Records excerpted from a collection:

• • • • • • •

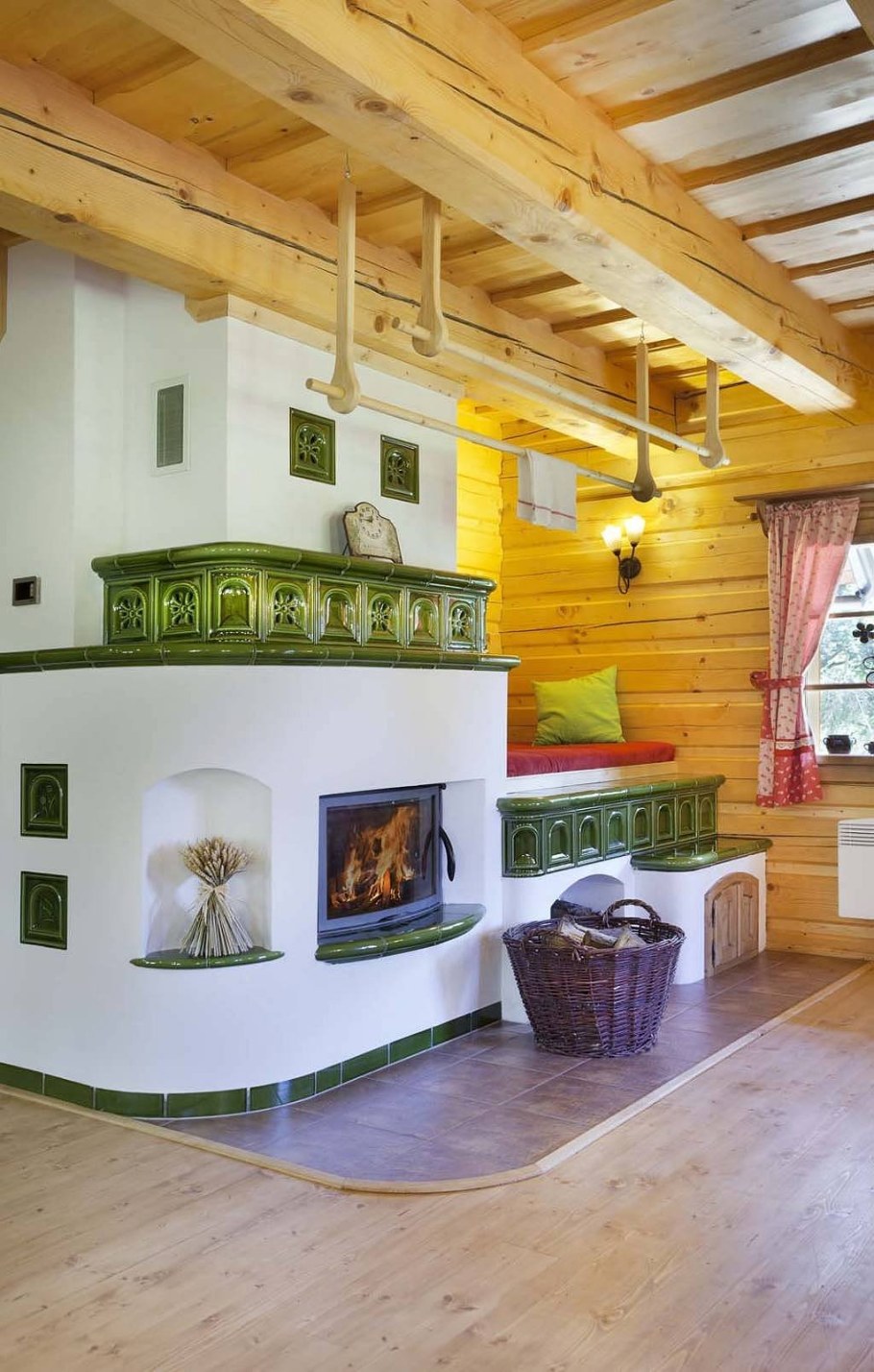 Современная печь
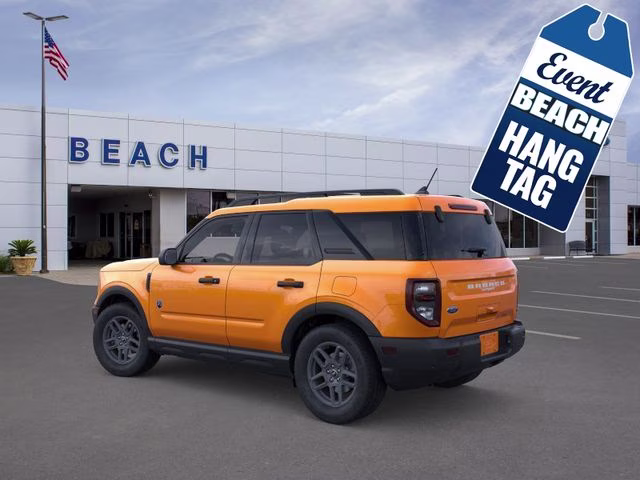 2026 Orange Fury Metallic Tri-Coat Ford Bronco Sport Big Bend 4X4 SUV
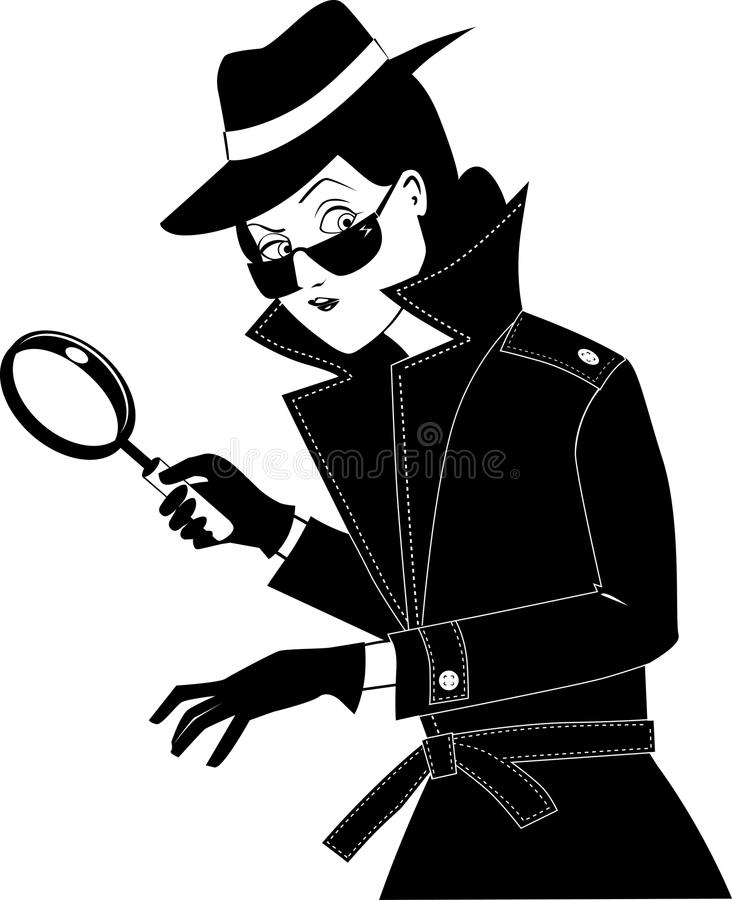 Download Secret Agent Clip-art Stock Vec-Download Secret agent clip-art stock vector. Illustration of service -  94471979-12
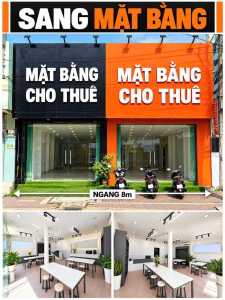 sang mặt bằng shop iphone  217 quang trung -quảng ngãi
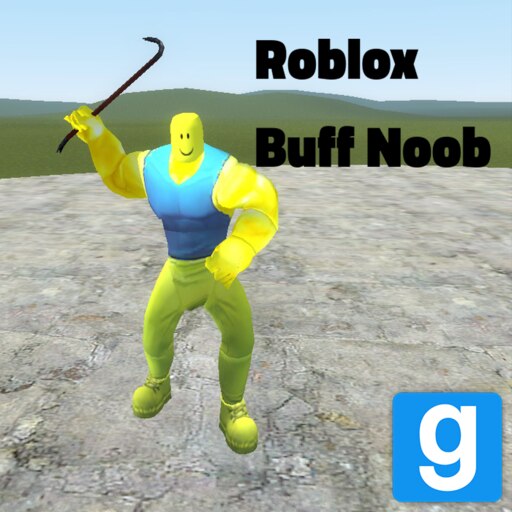Steam Workshop::Roblox Buff Noob [Playermodel and NPC]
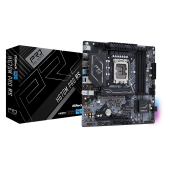 Материнская плата ASRock H670M PRO RS LGA1700 4xDDR4 4xSATA RAID 3xM.2 HDMI DP mATX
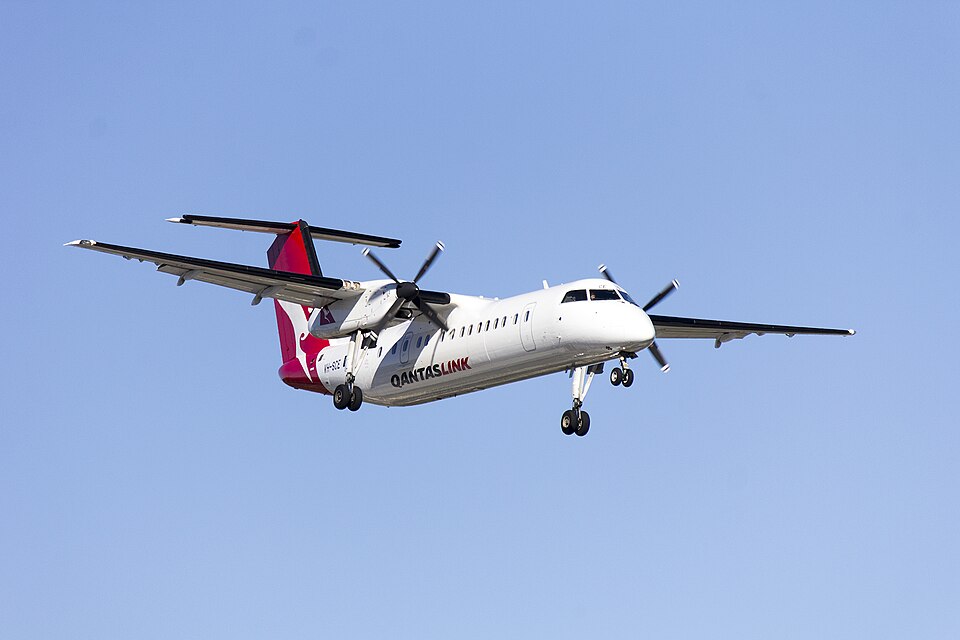 Aircraft registered VH-SCE
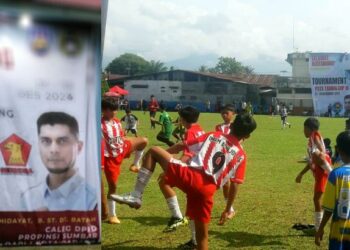 Berakhir Selasa Sore, Harris Hidayat B Dt Batuah, Dukung Penuh PSTS Cup IV U-10 dan 12 tahun, Uang Pembinaan Rp14 Juta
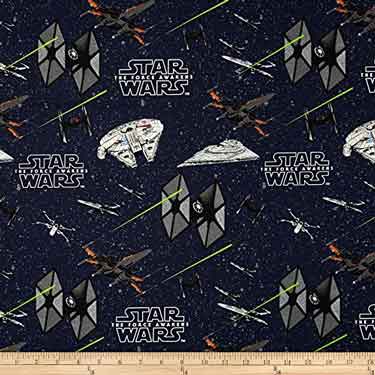star wars fabric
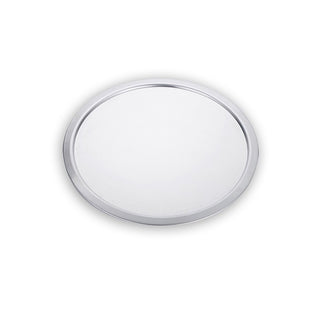 American Metalcraft Aluminum Cover, 1/4" High, Silver - 8 1/2"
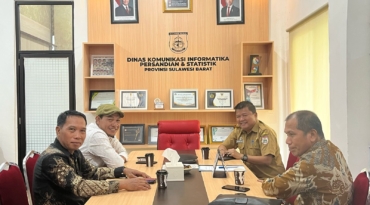 Audiensi dan Silaturahmi Komisioner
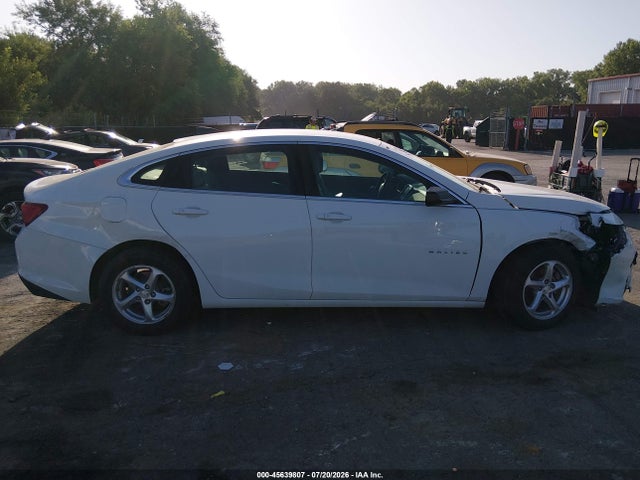45639807 :رقم المزاد ، 1G1ZB5ST3HF278298 vin ، 2017 Chevrolet Malibu Ls مزاد بيع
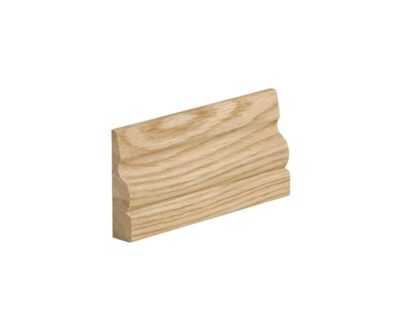 Oak Pair Architrave (Ogee Profile) - Unfinished - XL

• • • • • • •

**Work instruction**:
Please print an exact copy of the records, with no pictures.

**Result of the exercise**:
 Современная печь
 2026 Orange Fury Metallic Tri-Coat Ford Bronco Sport Big Bend 4X4 SUV
 Download Secret Agent Clip-art Stock Vec-Download Secret agent clip-art stock vector. Illustration of service -  94471979-12
 sang mặt bằng shop iphone  217 quang trung -quảng ngãi
Steam Workshop::Roblox Buff Noob [Playermodel and NPC]
 Материнская плата ASRock H670M PRO RS LGA1700 4xDDR4 4xSATA RAID 3xM.2 HDMI DP mATX
 Aircraft registered VH-SCE
 Berakhir Selasa Sore, Harris Hidayat B Dt Batuah, Dukung Penuh PSTS Cup IV U-10 dan 12 tahun, Uang Pembinaan Rp14 Juta
star wars fabric
 American Metalcraft Aluminum Cover, 1/4" High, Silver - 8 1/2"
 Audiensi dan Silaturahmi Komisioner
45639807 :رقم المزاد ، 1G1ZB5ST3HF278298 vin ، 2017 Chevrolet Malibu Ls مزاد بيع
 Oak Pair Architrave (Ogee Profile) - Unfinished - XL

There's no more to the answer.